Na verdade, uma história pós-prisão. O que acontece quando a liberdade é restituída a alguém que por anos ficou encarcerado? A ideia de liberdade é sempre muito discutida por filósofos e pensadores, e aqui temos mais um exemplo do clássico: “a pior prisão é a da nossa cabeça”. No Brasil, após alguns anos todo mundo sai da cadeia. Mas o que isso significa? É possível esquecer ou apagar tudo que se passou entre as quatro grades?
Quase sempre teremos um quadro de fatalismo.
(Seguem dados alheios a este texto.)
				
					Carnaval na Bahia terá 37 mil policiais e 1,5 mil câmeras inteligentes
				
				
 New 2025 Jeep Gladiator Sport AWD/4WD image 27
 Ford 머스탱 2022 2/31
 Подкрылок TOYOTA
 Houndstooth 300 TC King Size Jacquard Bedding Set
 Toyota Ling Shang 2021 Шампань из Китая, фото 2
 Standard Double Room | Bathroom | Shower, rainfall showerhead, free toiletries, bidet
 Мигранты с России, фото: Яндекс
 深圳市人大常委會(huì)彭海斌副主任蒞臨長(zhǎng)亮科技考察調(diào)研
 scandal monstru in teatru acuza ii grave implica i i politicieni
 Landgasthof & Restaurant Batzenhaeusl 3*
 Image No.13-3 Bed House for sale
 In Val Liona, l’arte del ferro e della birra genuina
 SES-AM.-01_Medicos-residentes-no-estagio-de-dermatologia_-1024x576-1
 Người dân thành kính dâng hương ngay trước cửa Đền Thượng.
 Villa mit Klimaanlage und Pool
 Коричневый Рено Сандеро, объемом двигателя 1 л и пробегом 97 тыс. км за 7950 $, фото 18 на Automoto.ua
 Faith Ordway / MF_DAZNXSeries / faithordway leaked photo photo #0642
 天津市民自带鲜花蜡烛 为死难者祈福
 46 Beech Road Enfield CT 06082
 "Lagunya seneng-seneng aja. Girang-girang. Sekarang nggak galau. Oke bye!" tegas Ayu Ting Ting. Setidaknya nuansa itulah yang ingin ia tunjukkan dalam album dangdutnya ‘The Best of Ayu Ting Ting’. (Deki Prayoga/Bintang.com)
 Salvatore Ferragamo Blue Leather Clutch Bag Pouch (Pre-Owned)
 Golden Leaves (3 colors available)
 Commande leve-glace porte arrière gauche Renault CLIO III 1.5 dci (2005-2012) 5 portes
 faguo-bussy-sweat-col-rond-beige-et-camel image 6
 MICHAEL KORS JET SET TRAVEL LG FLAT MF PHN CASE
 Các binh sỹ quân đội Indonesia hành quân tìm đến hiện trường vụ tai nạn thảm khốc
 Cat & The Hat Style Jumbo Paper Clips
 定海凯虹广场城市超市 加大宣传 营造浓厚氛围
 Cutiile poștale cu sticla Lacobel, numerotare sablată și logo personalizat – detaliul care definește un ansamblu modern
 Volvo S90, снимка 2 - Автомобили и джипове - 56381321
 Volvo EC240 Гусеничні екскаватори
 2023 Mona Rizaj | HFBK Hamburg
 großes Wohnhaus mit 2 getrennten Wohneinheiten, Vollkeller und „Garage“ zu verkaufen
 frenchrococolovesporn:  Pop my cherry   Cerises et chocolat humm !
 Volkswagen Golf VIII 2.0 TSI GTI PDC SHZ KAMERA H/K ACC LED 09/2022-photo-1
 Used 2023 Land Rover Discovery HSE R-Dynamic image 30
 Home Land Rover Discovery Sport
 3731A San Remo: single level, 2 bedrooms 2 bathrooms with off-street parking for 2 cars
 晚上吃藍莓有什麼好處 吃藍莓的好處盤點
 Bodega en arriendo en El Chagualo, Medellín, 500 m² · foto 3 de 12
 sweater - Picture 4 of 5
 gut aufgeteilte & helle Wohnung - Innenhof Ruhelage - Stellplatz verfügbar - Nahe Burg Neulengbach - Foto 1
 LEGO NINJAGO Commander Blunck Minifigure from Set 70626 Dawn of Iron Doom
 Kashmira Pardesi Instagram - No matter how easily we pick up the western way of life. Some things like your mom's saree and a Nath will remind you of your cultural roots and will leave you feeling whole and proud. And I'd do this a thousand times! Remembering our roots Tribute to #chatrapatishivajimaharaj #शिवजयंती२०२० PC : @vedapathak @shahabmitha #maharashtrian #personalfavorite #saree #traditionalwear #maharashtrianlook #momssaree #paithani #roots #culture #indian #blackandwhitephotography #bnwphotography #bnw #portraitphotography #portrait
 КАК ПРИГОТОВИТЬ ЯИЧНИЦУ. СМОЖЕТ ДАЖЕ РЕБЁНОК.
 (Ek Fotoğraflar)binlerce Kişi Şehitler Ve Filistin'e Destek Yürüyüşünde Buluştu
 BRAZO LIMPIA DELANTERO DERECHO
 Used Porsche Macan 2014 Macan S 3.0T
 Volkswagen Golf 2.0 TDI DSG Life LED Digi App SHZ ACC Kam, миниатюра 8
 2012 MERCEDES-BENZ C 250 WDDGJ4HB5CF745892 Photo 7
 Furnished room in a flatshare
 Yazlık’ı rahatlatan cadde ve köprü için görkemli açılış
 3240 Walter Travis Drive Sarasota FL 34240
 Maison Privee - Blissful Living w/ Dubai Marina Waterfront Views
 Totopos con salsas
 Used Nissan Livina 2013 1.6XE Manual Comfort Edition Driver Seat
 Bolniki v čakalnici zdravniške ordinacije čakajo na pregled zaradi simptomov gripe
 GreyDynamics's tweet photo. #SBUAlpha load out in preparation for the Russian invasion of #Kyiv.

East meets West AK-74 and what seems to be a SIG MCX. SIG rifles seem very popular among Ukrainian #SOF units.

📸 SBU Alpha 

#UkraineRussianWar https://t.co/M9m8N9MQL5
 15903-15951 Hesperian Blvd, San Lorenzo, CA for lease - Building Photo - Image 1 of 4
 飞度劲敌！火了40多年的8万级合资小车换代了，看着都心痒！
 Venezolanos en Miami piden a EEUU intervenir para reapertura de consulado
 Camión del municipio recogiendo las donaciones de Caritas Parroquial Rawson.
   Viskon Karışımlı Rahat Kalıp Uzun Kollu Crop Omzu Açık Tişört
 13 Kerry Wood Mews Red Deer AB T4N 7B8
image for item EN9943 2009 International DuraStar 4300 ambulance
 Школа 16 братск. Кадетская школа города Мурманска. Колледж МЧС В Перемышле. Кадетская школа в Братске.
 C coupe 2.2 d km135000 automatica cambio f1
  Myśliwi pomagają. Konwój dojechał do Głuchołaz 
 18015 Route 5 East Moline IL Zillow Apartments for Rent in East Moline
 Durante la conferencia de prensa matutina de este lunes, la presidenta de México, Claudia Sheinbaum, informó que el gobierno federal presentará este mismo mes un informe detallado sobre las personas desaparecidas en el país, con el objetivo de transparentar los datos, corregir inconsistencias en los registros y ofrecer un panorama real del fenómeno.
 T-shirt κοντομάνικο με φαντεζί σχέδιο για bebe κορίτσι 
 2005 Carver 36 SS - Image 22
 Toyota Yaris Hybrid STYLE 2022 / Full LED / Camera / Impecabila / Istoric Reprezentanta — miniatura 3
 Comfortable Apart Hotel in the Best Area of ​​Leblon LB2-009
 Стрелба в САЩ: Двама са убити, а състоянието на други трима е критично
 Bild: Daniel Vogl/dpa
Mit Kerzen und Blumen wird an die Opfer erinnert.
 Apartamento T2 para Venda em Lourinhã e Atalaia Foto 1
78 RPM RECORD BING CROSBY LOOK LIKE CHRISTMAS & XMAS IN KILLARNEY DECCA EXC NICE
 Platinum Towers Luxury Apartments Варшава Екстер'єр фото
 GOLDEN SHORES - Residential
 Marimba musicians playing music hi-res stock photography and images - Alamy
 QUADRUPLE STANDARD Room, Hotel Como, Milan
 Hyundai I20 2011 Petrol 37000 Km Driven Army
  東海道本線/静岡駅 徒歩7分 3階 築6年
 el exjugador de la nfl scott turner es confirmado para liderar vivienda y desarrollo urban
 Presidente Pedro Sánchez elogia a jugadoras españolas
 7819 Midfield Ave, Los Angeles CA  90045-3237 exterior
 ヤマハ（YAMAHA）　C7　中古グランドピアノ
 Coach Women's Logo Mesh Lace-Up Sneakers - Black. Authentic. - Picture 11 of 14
No aspecto moral, o crime “viciou” o praticante e já não há mais remédio para ele: roubará, matará e estuprará novamente, pois é um fruto podre; no aspecto narrativo, o caráter noir se insinua por meio de um destino inescapável, a sociedade não dará mais chance ao marginal e ele só se degradará cada vez mais, até o inevitável, doloroso e amargo fim.
Não que Fora das grades não sofra desse “pacote fechado”, essa sina anterior à própria obra. Sofre, sim; mas é nisso que está o mote, acompanharmos a jornada do tal cidadão (saiu da prisão, virou cidadão) e nos indagarmos: “ele terá sucesso? O que ele fará? Voltará ao crime, por certo”.
Contrariar as expectativas do espectador ou ir ao encontro delas é a tarefa aqui de Astolfo Araújo. É um iter meio maçante, verificar o “acerto” ou o “erro”. No final a coisa vai dar problema, sabemos, afinal o drama pulsa com o sentido de uma maldição, seria hipócrita e deslocado trazer para as personagens uma felicidade forçada, pois não é o próprio filme que se nutre desse sentido de fatalidade?
Ainda que Astolfo Araújo pinte um pouco cenas de ação, num sentido que imediatamente relacionamos a violência urbana, Fora das grades é mais uma fita psicológica que policial. Por isso um anticlímax no arco final da história, o que não significaria nada caso os olhos do público não estivessem voltados a um falso sentido do superficial que abarcou como sendo a essência do relato. Isso nada diz sobre as intenções ou o resultado da película, mas é uma marca do distanciamento que marca um pouco a recepção aparentemente fria que ela recebeu.
Mas nisso o filme acaba ganhando força, pois ilustra metaforicamente o grande dilema de seu protagonista (feito por Luigi Picchi, espécie de Warren Oates tupiniquim): escapar das amarras é apenas o primeiro passo. E a aceitação?